Load up the relevant libraries:

Let’s say we want to acquire the NEON soil data at the
`SJER`

site during the
month June in 2021:

The output `out_env_data`

for
`acquire_neon_data`

is a list of lists:

- The first element is
`site_data`

, a nested data frame containing measurements for the required flux gradient model during the given time period. - The second element is
`site_megapit`

, a nested frame containing specific information about soils at the site (for bulk density calculations, etc)

Two required inputs are needed to run the function acquire_neon_data:

- NEON site name (a four digit code standard by NEON)
- Download date, a string in the YYYY-MM format
- Optional arguments include
`time_frequency`

, which is 30 minutes (the default) or the 1 minute data (currently untested) and if we download provisional NEON data.

As the data are acquired various messages from the
`loadByProduct`

function from the `neonUtilities`

package are shown - this is normal.

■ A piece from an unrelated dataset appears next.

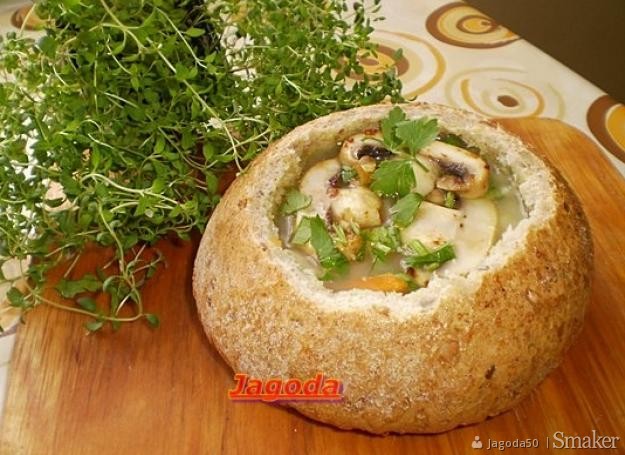 Ziemniaczana zupa z grzybami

Products are acquired from each
spatial location (`horizontalPosition`

) or vertical depth
(`verticalPosition`

) at a NEON site

Outputs for `acquire_neon_data`

are two nested data
frames:

`site_data`

This contains three variables: the measurement name (one of`soilCO2concentration`

,`VSWC`

(soil water content),`soilTemp`

(soil temperature), and`staPres`

(atmospheric pressure)),`monthly_mean`

contains the mean value of the measurement at each horizontal and vertical depth. We compute the monthly mean using a bootstapped technique.`data`

which contains the stacked variables acquired from neonUtilities - the horizontal and vertial positions, timestamp (in UTC), associated values, the QF flag (0 = pass, 1 = fail, LINK)`site_megapit`

: the nested data frame of the soil sampling data, found here (LINK). This data table is essential what is reported back from acquiring the data product from NEON.

For each data product, the `acquire_neon_data`

function
also performs two additional checks:

- The soil water content data product requires some additional
calibration to correct both the soil sensor depth and calibration in the
function
`swc_correct`

. Information about regarding this correction is found here: LINK. Once updated sensors are installed in the future we will depreciate this function. - The actual measurement depth (in meters) is extracted for each position.
- The monthly mean for each measurement at each depth is computed, described below.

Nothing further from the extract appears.